HARTFORD ACCIDENT & INDEMNITY COMPANY, Appellant,
v.
Angel DIAZ and Alicia Diaz, His Wife, Appellees.

No. 73-1542.

District Court of Appeal of Florida, Third District.

June 18, 1974.

Talburt, Kubicki & Bradley and James K. Clark, Miami, for appellant.

Adams, George, Wood, Schulte & Thompson, Miami, for appellees.

Before PEARSON, CARROLL and HAVERFIELD, JJ.

PER CURIAM.

Appellee Angel Diaz was injured in an automobile accident. After having received $5,000 in personal injury protection benefits from his insurer Hartford Accident & Indemnity Company, Diaz filed an action for damages for personal injuries against the responsible tort-feasor and the latter's insurer.
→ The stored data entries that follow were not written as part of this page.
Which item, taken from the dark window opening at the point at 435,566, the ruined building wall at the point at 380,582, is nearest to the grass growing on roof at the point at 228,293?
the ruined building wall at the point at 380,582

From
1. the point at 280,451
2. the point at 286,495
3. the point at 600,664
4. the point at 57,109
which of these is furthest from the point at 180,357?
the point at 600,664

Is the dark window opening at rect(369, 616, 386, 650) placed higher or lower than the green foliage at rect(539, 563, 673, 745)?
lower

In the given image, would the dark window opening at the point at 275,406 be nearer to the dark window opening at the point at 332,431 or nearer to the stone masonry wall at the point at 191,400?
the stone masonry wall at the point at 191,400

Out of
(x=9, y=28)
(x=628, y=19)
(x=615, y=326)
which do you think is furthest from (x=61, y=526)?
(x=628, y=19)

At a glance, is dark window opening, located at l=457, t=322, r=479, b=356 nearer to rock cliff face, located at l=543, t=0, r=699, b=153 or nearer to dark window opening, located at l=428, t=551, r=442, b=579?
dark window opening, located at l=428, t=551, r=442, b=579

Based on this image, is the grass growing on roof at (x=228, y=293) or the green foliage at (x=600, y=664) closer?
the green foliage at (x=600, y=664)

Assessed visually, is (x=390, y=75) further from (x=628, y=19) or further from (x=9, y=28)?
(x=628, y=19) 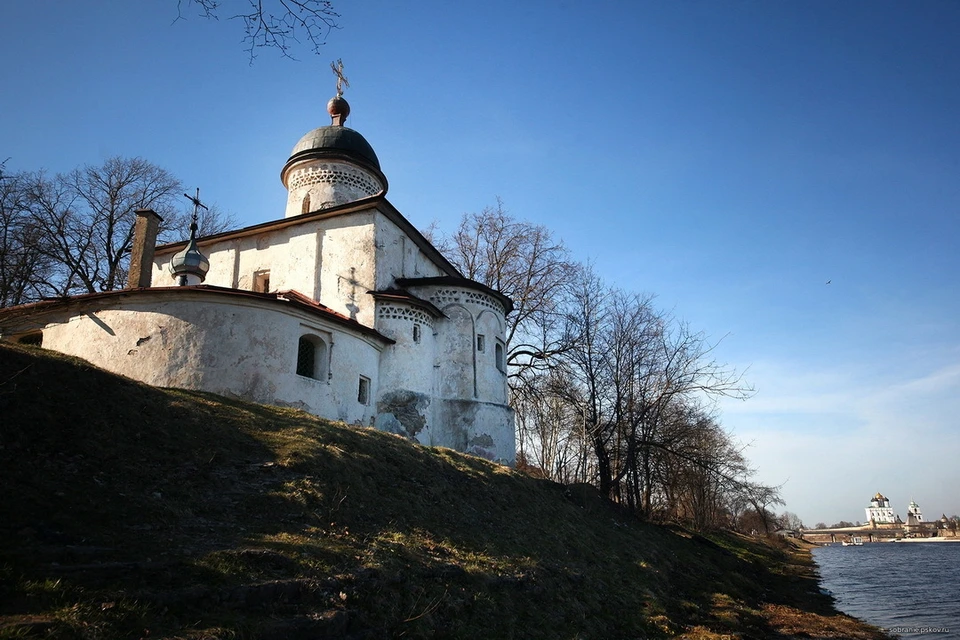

His wife joined therein claiming loss of consortium.

Prior to trial of that action it was settled for $65,000. Diaz moved the court, under § 627.736(3)(b) Fla. Stat., F.S.A., for a determination, based upon equitable distribution of the amount recovered, of the extent to which his insurer should be reimbursed.

Upon hearing the matter, based on the record and without further evidence, the court entered an order holding the insurer was entitled to receive reimbursement for its paid benefits to the extent of 10% thereof ($500). The insurance company appealed, contending the amount allowed as reimbursement was inadequate as an equitable distribution, and amounted to an abuse of discretion.

The appellees contended to the contrary, and in argument revealed that the net amount received by the plaintiffs from the settlement, above attorney fees and other expenses of the litigation, was $24,000, and that on the basis thereof the reimbursement allowance of 10% of the personal injury payments made by the insurer was not inadequate.

*505 In absence of the delineation of standards in subparagraph (b) of Section 3 of § 627.736 for determining the portion of such paid benefits to which an insurer should be entitled to reimbursement upon "equitable distribution of the amount recovered",[1] we are impelled to conclude that in this case where a substantial recovery was made, a reimbursement allowance of only 10% of the personal injury protection benefits was inadequate. See State Farm Automobile Insurance Co. v. Hauser, Fla. App. 1973, 281 So. 2d 563; Liberty Mutual Ins. Co. v. Guillet, Fla.App. 1974, 294 So. 2d 1.

In this connection it must be noted that under subparagraph (a) of Section 3 of § 627.736, when recovery is had without suit, an insurer having paid personal injury protection benefits is entitled to full reimbursement to the extent the net amount of the recovery will so permit.[2]

Where the succeeding subparagraph (b) provides for the court to determine the amount of reinbursement based upon such equitable distribution of the amount recovered [by judgment or settlement after filing action against the tort-feasor], the fact that full reimbursement would be permitted from such a recovery when made without suit would appear to indicate that reimbursement out of recovery obtained through suit should not be minimal, but should be a substantial part of the paid benefits, although reduced proportionately due to the added expense and effort of recovery or settlement through the filing of an action.

In this case the recovery was thirteen times greater than the personal injury protection benefits paid, and on the basis of the net recovery, was approximately five times the amount of such paid benefits. In that circumstance it would appear that equitable distribution would require that a portion of the paid benefits greater than 10% thereof should have been allowed to the insurer.

Accordingly, the order appealed from is reversed, and the cause is remanded to the trial court for a reconsideration and determination of the amount of reimbursement to be granted to the appellant insurer on equitable distribution, under § 627.736(3)(b), Fla. Stat., F.S.A.

It is so ordered.

NOTES

[1] Reyes v. Banks, Fla.App. 1974, 292 So. 2d 39, states certain guide lines.

[2] State Farm Automobile Insurance Co. v. Hauser, Fla.App. 1973, 281 So. 2d 563, 565; Reyes v. Banks, Fla.App. 1974, 292 So. 2d 39.